Who's hot and who's not?: Ovi, Shattenkirk and the Caps' power play are cranking up

Once a week this season, we've examined the numbers and pointed out a few trends that every Capitals fan should know about. Here’s our latest look:



Alex Ovechkin

The Caps’ captain has six goals and five assists in the last nine games. As I detailed here, the most noticeable difference has been the drastic uptick in the number of shots he’s taken since the team’s four-game losing streak earlier this month. Again, if you were worried about Ovi’s ability to turn it on, don’t be. No. 8 has transitioned into playoff mode.

Kevin Shattenkirk

The adjustment period seems to be nearing its end with the Caps’ newest player. Not only is he looking much more comfortable in his own end, he’s now in sync on the power play and chipping in offensively at even strength, too. In 13 games as a Capital, he’s racked up 11 points—all assists. In just the past three games, Shattenkirk has five helpers—three at even strength and two on the power play.

Marcus Johansson

Already enjoying a career year, Mojo has taken things to another level lately, having accumulated a goal and seven assists in the last four games. In fact, over the last 15 games the 26-year-old winger is second on the Caps in points with 14 (4 goals and 10 assists). Fellow Swede Nicklas Backstrom is the only player with more (19 points) during that span.   

Power play

During the Caps’ current six game winning streak, the power play has converted nine of 19 opportunities (47.4-percent). Ovechkin owns five of those power play tallies, while John Carlson, Johansson, Backstrom and Evgeny Kuznetsov have the others. Since Jan. 1, the Caps have more power play goals (35) than any other team and have a 35-5-2 record this season when getting at least one.
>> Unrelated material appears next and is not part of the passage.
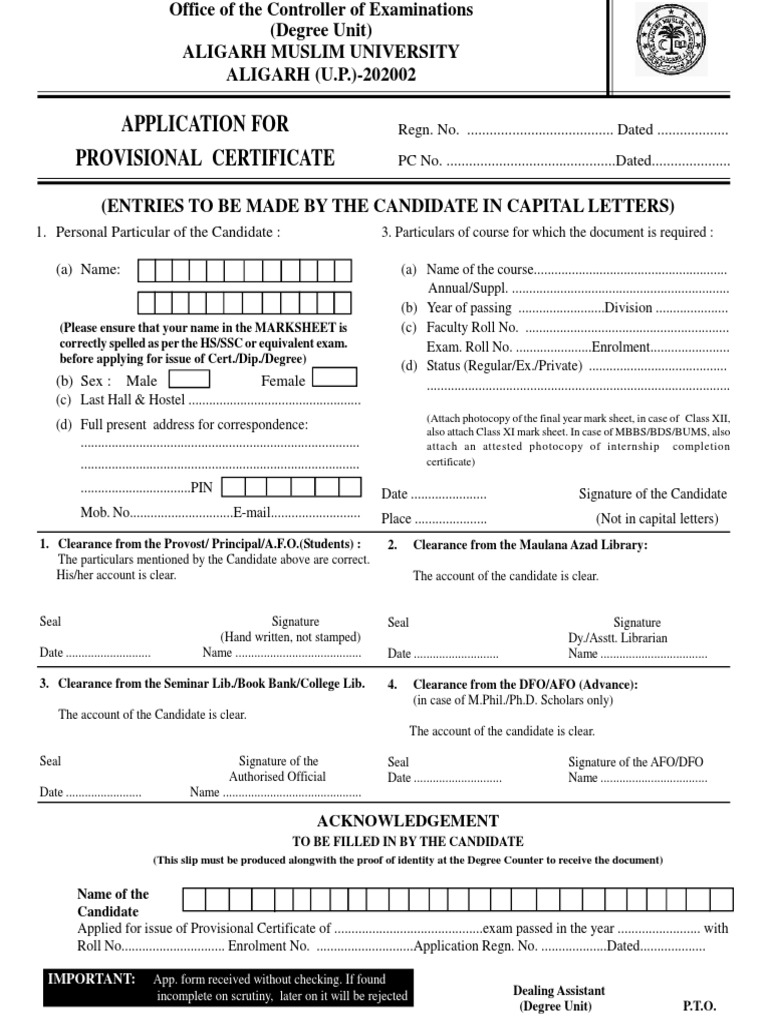 Application for provisional certificate pdf signature written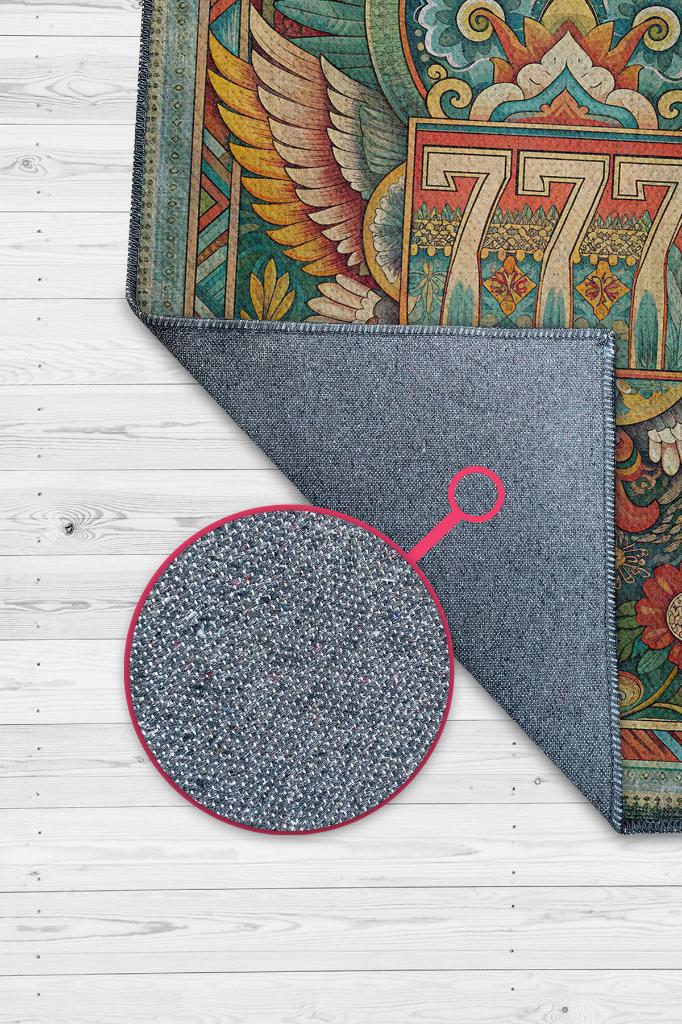 7-7-7 Temalı Yeşil Renkli Spiritüel Temalı Melek Habercisi Şans Getiren Sayı Sekansılı Halı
RELATED: Prospect report: Playoff time in the WHL



Blue Jackets and Penguins

In the race for the Metro Division crown, Washington is making its move while Columbus and Pittsburgh have begun to scuffle a bit. The Caps have won six in a row and earned points in eight straight (7-0-1). The Blue Jackets, on the other hand, are 2-1-2 in their last five games, while the Penguins are 0-2-2 in their last four. This weekend figures to be a pivotal one in the Metro/Presidents' Trophy race. The Caps own a 110-106 lead over the Jackets, while the Pens lag behind with 103 points. Washington is playing at 29th place Arizona on Friday night, while Columbus plays at Western Conference-leading Chicago…after some plane problems leaving Raleigh late Thursday night. Washington then plays at Columbus on Sunday.    

Lars Eller

The third line center scored an empty net goal to clinch the Caps’ 5-3 win in Colorado on Wednesday. It was Eller’s first point in the month of March and first goal since Feb. 7, a span of 22 games. Will it spark something? The Caps had better hope so. Eller’s line needs to get going again.

Brett Connolly’s ice time

Connolly has been the Caps’ feel good story this season. Lately, though, the 24-year-old has seen a dip in ice time. In fact, over the last 13 games, Connolly has seen fewer than 10 minutes nine times. That only happened three times in the previous 32 contests. A quick glance at the numbers reveal a couple interesting things: No. 1, Connolly also has more goals (15) in less ice time on average (10:43) than anyone in the league this season and No. 2, he’s been assessed more minor penalties per 60 minutes than any player on the Caps (1.80).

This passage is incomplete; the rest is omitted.